=== ABOUT THIS EXERCISE ===
For this exercise, copy each line of the records that contains the word "Apartment".

=== AVAILABLE RECORDS ===
+--
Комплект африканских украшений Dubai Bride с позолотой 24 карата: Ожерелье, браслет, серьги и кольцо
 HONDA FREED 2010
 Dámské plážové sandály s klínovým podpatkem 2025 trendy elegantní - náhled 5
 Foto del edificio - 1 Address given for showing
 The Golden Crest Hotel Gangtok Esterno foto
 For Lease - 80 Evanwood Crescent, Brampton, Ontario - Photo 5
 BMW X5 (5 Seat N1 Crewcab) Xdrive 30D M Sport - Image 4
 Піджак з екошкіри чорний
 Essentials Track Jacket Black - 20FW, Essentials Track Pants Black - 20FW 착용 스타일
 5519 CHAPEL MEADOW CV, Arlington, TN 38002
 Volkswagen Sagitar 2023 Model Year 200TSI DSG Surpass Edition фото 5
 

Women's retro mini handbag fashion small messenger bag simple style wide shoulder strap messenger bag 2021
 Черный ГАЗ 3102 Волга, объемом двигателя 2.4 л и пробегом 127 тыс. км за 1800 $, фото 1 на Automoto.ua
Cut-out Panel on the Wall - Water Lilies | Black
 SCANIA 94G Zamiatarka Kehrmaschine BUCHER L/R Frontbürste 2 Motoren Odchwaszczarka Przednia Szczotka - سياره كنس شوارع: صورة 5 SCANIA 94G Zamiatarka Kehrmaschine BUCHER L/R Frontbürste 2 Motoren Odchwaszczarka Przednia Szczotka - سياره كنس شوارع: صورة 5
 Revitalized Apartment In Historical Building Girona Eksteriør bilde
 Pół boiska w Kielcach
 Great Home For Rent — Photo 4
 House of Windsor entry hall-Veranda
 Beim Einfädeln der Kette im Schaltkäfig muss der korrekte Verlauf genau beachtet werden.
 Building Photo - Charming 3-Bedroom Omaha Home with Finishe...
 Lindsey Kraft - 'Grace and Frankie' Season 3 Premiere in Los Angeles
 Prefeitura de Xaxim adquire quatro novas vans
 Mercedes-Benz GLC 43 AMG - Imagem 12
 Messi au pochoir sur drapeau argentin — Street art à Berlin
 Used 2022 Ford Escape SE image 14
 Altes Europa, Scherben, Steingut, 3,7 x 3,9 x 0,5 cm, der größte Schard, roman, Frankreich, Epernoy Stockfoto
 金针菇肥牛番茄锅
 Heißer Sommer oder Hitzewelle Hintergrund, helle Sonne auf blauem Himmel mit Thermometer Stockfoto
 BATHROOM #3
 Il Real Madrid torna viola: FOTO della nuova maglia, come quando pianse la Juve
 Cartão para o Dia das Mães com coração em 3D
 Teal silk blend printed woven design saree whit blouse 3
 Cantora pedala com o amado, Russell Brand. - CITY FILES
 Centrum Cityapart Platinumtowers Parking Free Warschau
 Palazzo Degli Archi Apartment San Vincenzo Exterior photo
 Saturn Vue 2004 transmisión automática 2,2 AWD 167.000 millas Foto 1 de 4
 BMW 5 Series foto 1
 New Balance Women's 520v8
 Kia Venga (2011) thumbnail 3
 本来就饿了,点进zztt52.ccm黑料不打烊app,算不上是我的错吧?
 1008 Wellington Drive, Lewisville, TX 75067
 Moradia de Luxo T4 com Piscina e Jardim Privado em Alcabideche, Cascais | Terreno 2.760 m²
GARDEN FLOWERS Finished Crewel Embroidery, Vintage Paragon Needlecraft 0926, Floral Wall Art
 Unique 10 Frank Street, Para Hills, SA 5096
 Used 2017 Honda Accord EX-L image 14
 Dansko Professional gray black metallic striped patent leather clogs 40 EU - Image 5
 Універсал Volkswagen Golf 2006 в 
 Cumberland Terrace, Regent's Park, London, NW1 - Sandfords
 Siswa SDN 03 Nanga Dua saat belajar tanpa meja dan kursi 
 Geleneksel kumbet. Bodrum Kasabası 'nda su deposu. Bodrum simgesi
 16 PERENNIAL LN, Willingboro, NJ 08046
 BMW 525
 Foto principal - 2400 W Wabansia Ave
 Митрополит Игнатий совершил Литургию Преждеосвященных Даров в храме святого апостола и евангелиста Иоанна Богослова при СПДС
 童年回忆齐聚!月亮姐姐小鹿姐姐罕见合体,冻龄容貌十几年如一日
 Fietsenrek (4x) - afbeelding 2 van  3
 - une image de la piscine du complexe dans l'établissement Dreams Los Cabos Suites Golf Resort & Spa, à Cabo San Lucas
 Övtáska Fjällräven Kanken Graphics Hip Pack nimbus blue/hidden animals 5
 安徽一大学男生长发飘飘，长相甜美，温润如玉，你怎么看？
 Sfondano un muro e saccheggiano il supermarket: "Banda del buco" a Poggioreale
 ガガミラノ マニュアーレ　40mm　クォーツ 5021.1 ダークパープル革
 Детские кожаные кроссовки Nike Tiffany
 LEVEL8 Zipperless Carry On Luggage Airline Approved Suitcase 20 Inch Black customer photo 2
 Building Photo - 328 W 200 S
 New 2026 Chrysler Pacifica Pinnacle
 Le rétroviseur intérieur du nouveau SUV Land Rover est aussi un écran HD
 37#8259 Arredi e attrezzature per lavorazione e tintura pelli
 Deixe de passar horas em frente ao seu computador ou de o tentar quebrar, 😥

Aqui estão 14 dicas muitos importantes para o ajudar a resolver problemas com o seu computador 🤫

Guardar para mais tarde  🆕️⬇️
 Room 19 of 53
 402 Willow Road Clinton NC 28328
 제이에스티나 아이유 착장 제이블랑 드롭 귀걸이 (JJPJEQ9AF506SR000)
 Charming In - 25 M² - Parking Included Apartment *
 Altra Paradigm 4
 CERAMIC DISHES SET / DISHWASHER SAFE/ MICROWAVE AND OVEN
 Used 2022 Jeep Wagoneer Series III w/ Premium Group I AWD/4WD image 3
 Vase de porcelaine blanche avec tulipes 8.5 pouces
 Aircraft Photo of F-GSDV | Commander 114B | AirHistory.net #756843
+--
=== RESULT FOR THIS TASK ===
 Revitalized Apartment In Historical Building Girona Eksteriør bilde
 Palazzo Degli Archi Apartment San Vincenzo Exterior photo
 Charming In - 25 M² - Parking Included Apartment *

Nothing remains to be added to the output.